Plan the test first (sample size)

The single biggest mistake in A/B testing is peeking: watching the numbers and stopping the moment they look significant. Do that and you “find” winners that are pure noise. The fix is to decide your sample size before you start. The Plan tab does this from four inputs (your baseline rate or mean, the smallest improvement worth detecting, your confidence level, and statistical power) and tells you how many visitors per group you need. Run to that number, then decide once.

Built-in guardrails

After analysis the tool runs a sample-ratio-mismatch (SRM) check. If you intended a 50/50 split but the groups came in noticeably uneven, something in your setup is likely broken (bad randomization, a redirect, a tracking bug) and the result can’t be trusted, so it flags it. It also reminds you to reach your pre-committed sample size before calling a winner.

Privacy & method

Everything runs in your browser: your numbers never leave your device and there are no ads or trackers. Probabilities and credible intervals are computed by Monte Carlo simulation with a fixed seed, so the same inputs always give the same answer. Conversion metrics use a Beta-Binomial model; continuous metrics use a Normal / Student-t model.

Frequently asked questions

How many visitors do I need for an A/B test?

It depends on your baseline rate and the smallest effect you care about: smaller effects need far more traffic. Use the Plan tab: enter your baseline, minimum detectable effect, confidence and power, and it returns the required sample size per group.

Is a Bayesian A/B test better than chi-squared?
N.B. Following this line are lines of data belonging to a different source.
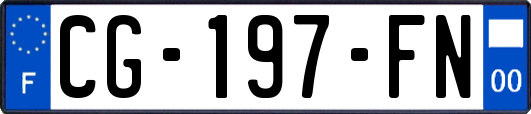 CG-197-FN
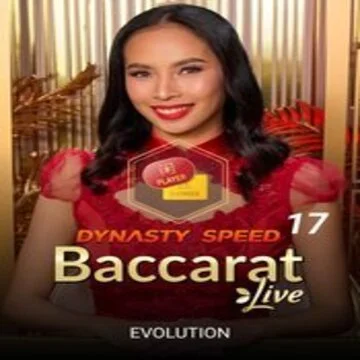 Dynasty Speed Baccarat 17 - FOXYBET77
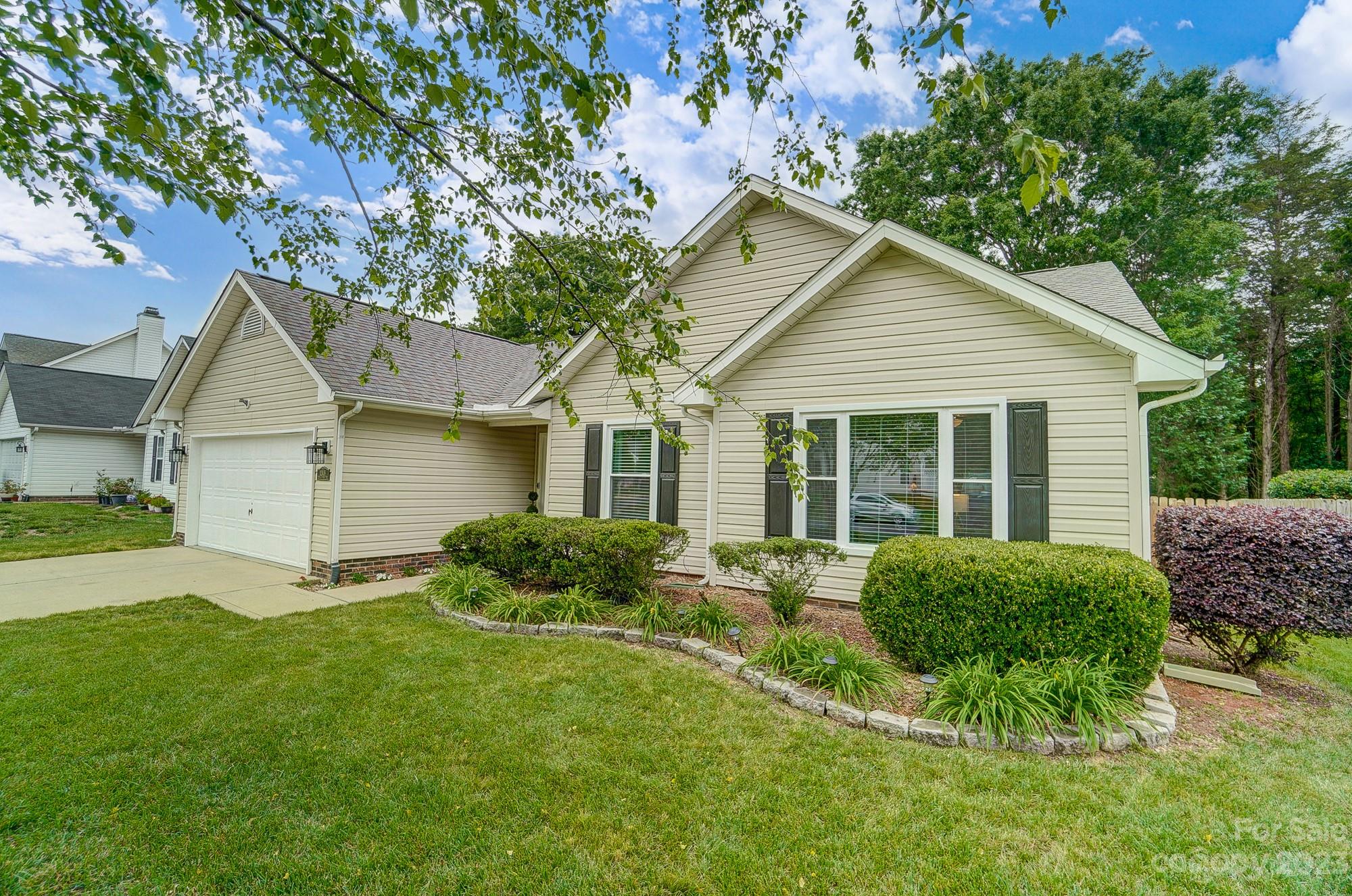 Withers Grove - Residential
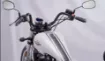 Regal Raptor Daytona 125 resmi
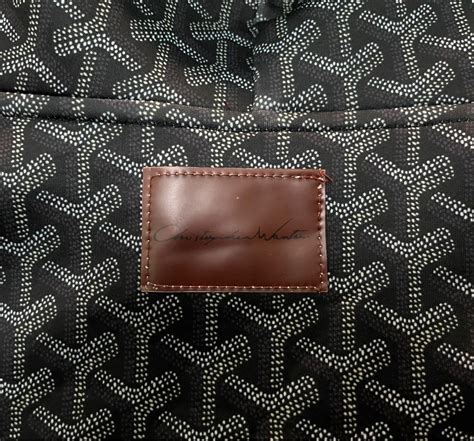 christopher wanton goyard wallet|Christopher Wanton's online shop .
For making a decision, yes: it directly gives the probability one variant beats the other and the expected cost of being wrong, instead of a p-value about a hypothetical no-difference world. Chi-squared isn’t wrong, it just answers a narrower question. This tool shows both.

What is a good probability to call a winner?

A common bar is 95% probability that B beats A, combined with a small expected loss. If you’re only at, say, 80–90%, the result is promising but not yet conclusive, so keep the test running.

Why shouldn’t I stop the test as soon as it’s significant?

Because if you check repeatedly and stop on the first significant reading, you dramatically inflate your false-positive rate, so you’ll declare winners that are really noise. Commit to a sample size up front and evaluate once you reach it.

What does sample ratio mismatch (SRM) mean?

It means your traffic didn’t split the way you intended (e.g. 52/48 when you set 50/50, on enough traffic that chance can’t explain it). That usually signals a broken experiment, so investigate before trusting the numbers.

Can I test more than two variants at once?

Yes. Add A/B/C/D… and the tool reports each variant’s probability of being best and its expected loss, runs an omnibus test for any overall difference, and Bonferroni-corrects the per-variant comparisons so testing many options doesn’t produce false winners.